La Quercia, an American company with an eye to detail and quality, produces some of the finest pancetta I've ever tasted. The fat of the pancetta had a nutty aroma that reminded me of jamón ibérico, while the layers of meat in between were sweet and juicy. Like duck fat, lard makes a superb dressing for salad and a delicious coating for pasta. All month, I enrobed my greens and spaghetti with fat; each time, I savored the meatiness of the dishes. In my salad of greens made with lard and bacon, the richness of the fat complemented the sharpness of the vinegar; only mustard was needed to bind the two. In the classic dish of spaghetti alla carbonara, the fat was enriched further by egg and cheese; with just a modest sprinkling of pancetta, each strand was undeniably porky.
Salad with Bacon and Egg
- For the poached eggs:
- 1 tablespoon vinegar, white or red
- 4 large eggs, or as needed
- 8 ounces pancetta or slab bacon
- For the vinaigrette:
- 2 tablespoons red wine or sherry vinegar
- 2 tablespoons Dijon mustard
- 6 tablespoons rendered bacon fat
- Salt and pepper to taste
- Salad greens, about 8 ounces
- 8 ounces pancetta or slab bacon
- 2 tablespoons olive oil
- 1 tablespoon butter
- 4 garlic cloves, peeled and lightly crushed
- 1/4 cup dry white wine
- Salt for cooking the pasta
- 16 ounces spaghetti
- 3 eggs
- 1/3 cup Parmesan cheese
- Pepper to taste
To poach the eggs: Bring a shallow pan of water to boil. Add the vinegar and reduce the heat to a simmer. Crack each egg and gently slip into the simmering water and cook for about 2 minutes, until the whites are set but the yolks are still runny. With a slotted spoon, remove the eggs and place in a bowl of cold water.
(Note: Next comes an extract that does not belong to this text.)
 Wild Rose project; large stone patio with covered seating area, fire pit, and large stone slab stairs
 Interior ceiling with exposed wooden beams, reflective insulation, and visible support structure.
Cut the pancetta into slivers that are 1-inch long and 1/2 inch thick. Saute them in a skillet over medium-high heat, until the lardons are golden brown and have given off quite a bit of their fat. Remove the lardons from the fat, reserving the fat for use in the dressing.
To make the vinaigrette: Whisk together the vinegar, fat, and mustard in a small bowl. Season to taste with salt and pepper.
To assemble the salad: Place the lardons back into your skillet and saute for thirty seconds or so, until crispy. Toss your salad with the vinaigrette and lardons. Place each portion into the serving plates. Briefly reheat the poached eggs in simmering water (about 30 seconds), and place the eggs on top of the salad greens.
Spaghetti alla Carbonara
Adapted from More Classic Italian Cooking by Marcella Hazan.
Cut the pancetta into slivers that are 1-inch long and 1/2 inch thick.
Put the oil, butter, and crushed garlic into a saucepan or small saute pan, and turn on the heat to medium high. When the garlic turns deep gold, remove and discard it.
Sauté the pancetta in the same skillet over medium-high heat, until the lardons are golden brown and have given off quite a bit of their fat.
Add the wine, and let it boil away from a minute or so; then turn off the heat.
In the meantime, bring a large pot of water to boil. Add a few tablespoons salt, and place the spaghetti into the boiling water.
In a large bowl or pot, beat the eggs lightly and add the cheese, grated. Add pepper to taste.
When the spaghetti is al dente, drain it, reserving some of the pasta water. Place the spaghetti into the bowl with the egg and cheese, and toss rapidly and thoroughly until each strand is coated.
Reheat the pancetta over high heat; then pour the pancetta along with its fat into the spaghetti. Toss thoroughly until each strand is coated, and serve immediately.